Gli altri incontri importanti che si sono tenuti martedì mattina, e che potrebbero definire il calendario dei lavori parlamentari nei prossimi giorni, sono stati quelli che hanno coinvolto il leader laburista Jeremy Corbyn. Secondo informazioni ottenute da alcuni giornali britannici, le opposizioni si sarebbero accordate sul dare la priorità all’approvazione della legge che impedisca il “no deal” entro la fine di questa settimana, e non a un’eventuale proposta del governo Johnson di andare a elezioni anticipate, come ipotizzato in precedenza. Le opposizioni temono infatti che Johnson possa spostare la data delle elezioni anticipate a dopo il 31 ottobre, cioè dopo Brexit, togliendo così la possibilità a un nuovo governo di intervenire ed evitare il “no deal”.

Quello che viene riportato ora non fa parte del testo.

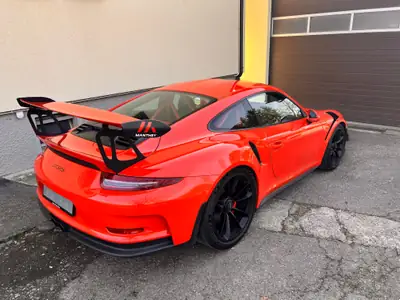 Porsche 911 GT3 RS Manthey 2016 — Légende de circuit, moteur neuf, setup Racing — Innenraum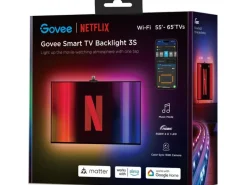 Govee Envisual TV Backlight 3S Netflix Version, RGBICW, 55"-65"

Nonostante le informazioni trapelate sui giornali, non è ancora chiara la strategia dei laburisti. Martedì Corbyn ha diffuso un comunicato in cui ha detto che l’obiettivo del suo partito è sia approvare una legge che impedisca il “no deal”, sia convocare elezioni anticipate evitando che Johnson possa intervenire per cambiare la data del voto a suo piacimento.
Considerata la confusione degli ultimi giorni, non è ancora certa la tempistica delle votazioni su Brexit nel Parlamento britannico. Martedì sera ci sarà molto probabilmente una votazione che potrebbe affidare al Parlamento l’iniziativa sull’approvazione della legge per impedire il “no deal”, sottraendola al governo. Se la legge dovesse essere approvata, sarebbe un passo importante per le opposizioni, che già mercoledì potrebbero votare la legge anti no-deal, complicando la vita a Johnson e al suo governo (non significherebbe comunque la sicurezza di evitare il “no deal”: se entro il 31 ottobre non si arrivasse ad alcun accordo, e se l’Unione Europea decidesse di non rimandare nuovamente la scadenza di Brexit, si verificherà il “no deal” indipendentemente da quello che vuole il Parlamento britannico). Sulla possibilità di andare a elezioni anticipate, invece, si sa ancora molto poco. Non è chiaro poi cosa possa accadere in caso di una nuova proroga: l’Unione Europea continua a non voler riaprire i negoziati, e l’unico “deal” sul tavolo è già stato bocciato tre volte dal Parlamento. Soltanto un nuovo referendum o le elezioni anticipate potrebbero rimescolare la situazione.